The Facebook juggernaut shows little sign of slowing down. Last week, the social network posted an impressive 138 per cent increase in second-quarter income. About 62 per cent of Facebook's ad revenue now comes from advertising on mobile devices, which this year is expected to eclipse newspapers, magazines and radio in the U.S. for the first time, according to eMarketer.
However, it already accounts for 80 per cent of Twitter’s ad revenue.
The rise in the importance of mobile advertising is not a surprise because, in the US, 78 per cent of Facebook users access the social platform through mobile devices. In the UK, this rises to 83 per cent of daily users.
Facebook and Twitter do not make up a large percentage of digital display (around 5 per cent) but they account for a larger percentage of mobile advertising (Facebook is around 17 per cent of the total). Twitter naturally has a head start as it began life more as mobile-based platform that desktop.
For many people, Facebook and Twitter, have become the entry points to navigate what is going on in the world, and they are doing this through their mobile devices.
There are other reasons for the increase in mobile revenues. Advertisers have now accepted the recent changes to the Facebook algorithm that meant that they had to pay to reach their own community as well as new people. Nestle is a good example of a major brand that has embraced the change.

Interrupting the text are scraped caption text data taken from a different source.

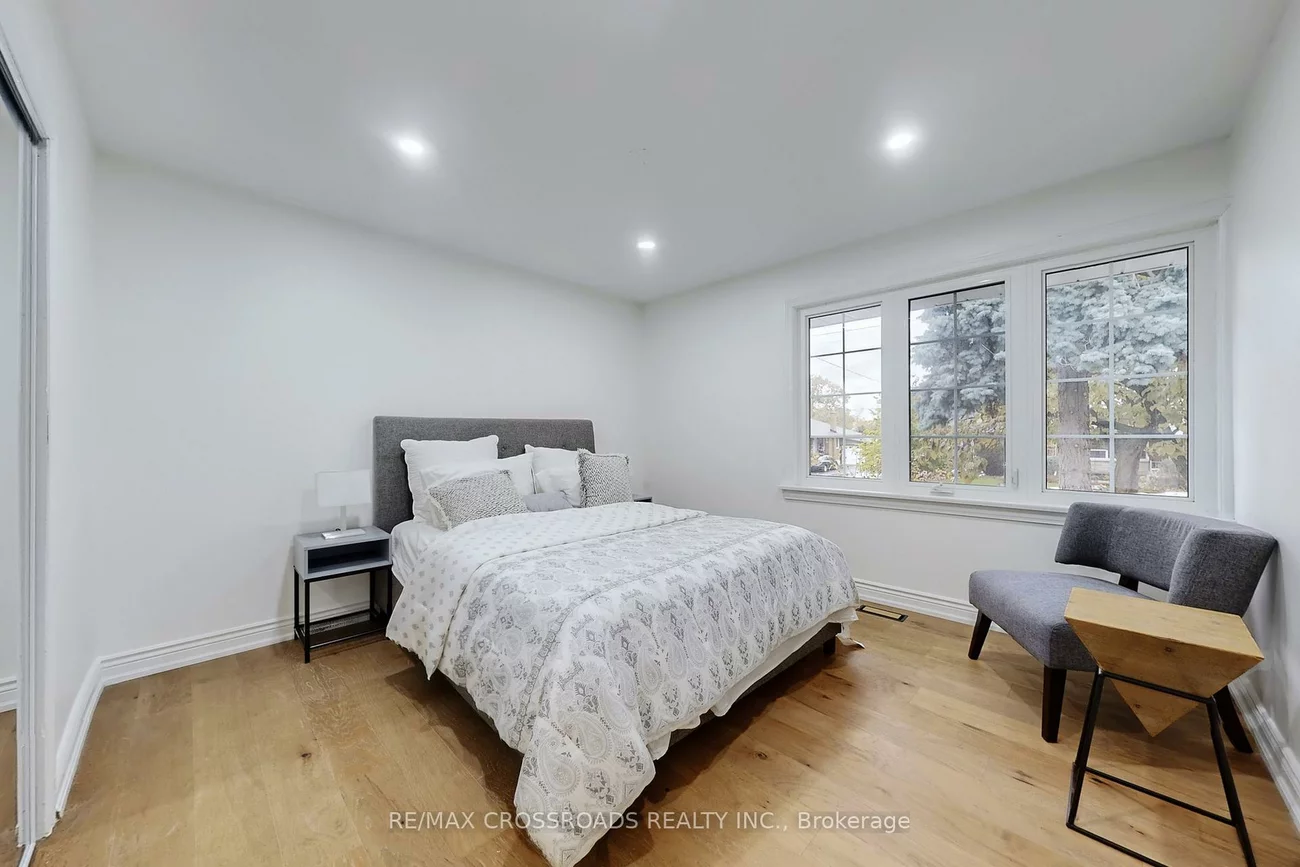 60, Droxford, Wexford-Maryvale, Toronto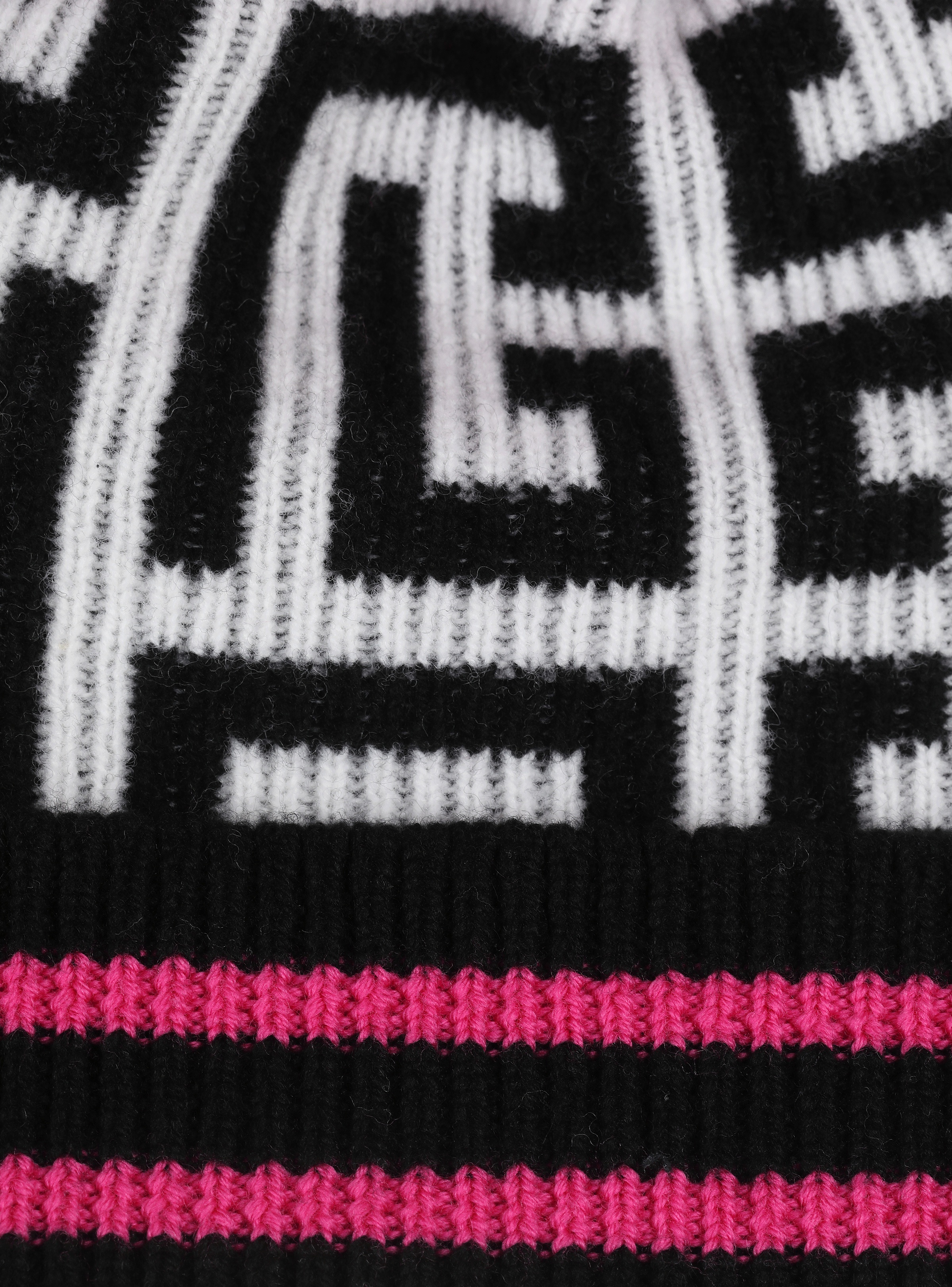 Wool hat with large Balmain monogram 3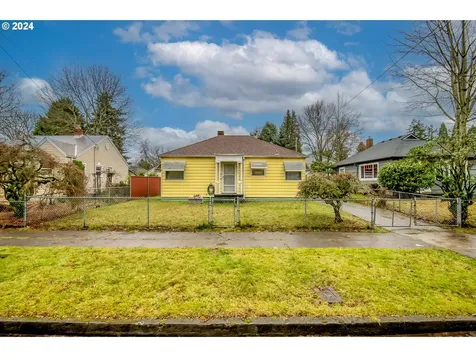 6445 N Amherst Street Portland OR 97203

Brands have also invested in mobile presences and know that mobile advertising via Facebook and Twitter is going to be critical in driving usage.
This was vital as Facebook is battling it out with Twitter to dominate share of mobile ad revenue. As banner advertising via trading desks becomes less effective, more money will move into Twitter and Facebook. App-installed ads have fuelled this for Facebook and both companies have made acquisitions and are building products to improve the way advertisers can leverage mobile.
For example, Twitter's TV Ad targeting product enables the targeting of people who are second screening. We are also starting to see Twitter become the default for driving real-time engagement with TV ads such as the recent one for Dawn of the Planet of the Apes, where people could comment via Twitter on the ad and those comments were pulled through into the next ad break.
As Facebook evolves, however, mobile advertising will become one strand of a broader strategy. The next big assault, from both Twitter and Facebook, will target brand budgets usually reserved for TV. Twitter’s ability to monetise Vine will be critical, as will Facebook’s with Instagram Video.
Facebook faces other challenges and, like Twitter, these relate to content and to proving ROI. Facebook has invested in market research data to prove the effectiveness of ads on its mobile platform. They have been successful, but there are still many sceptical advertisers out there.
Automated targeting of content will be critical. Brands will put pressure on the social networks to pull in more user data to marry up to customer data, adapt content accordingly and push it back out to the right people.
On ROI, Facebook and Twitter both must find ways to better leverage and connect the wealth of data they have and marry this to client data. The race is on to be the best at enabling advertisers to track user behaviour and demonstrate that exposure to content is driving a demonstrable return.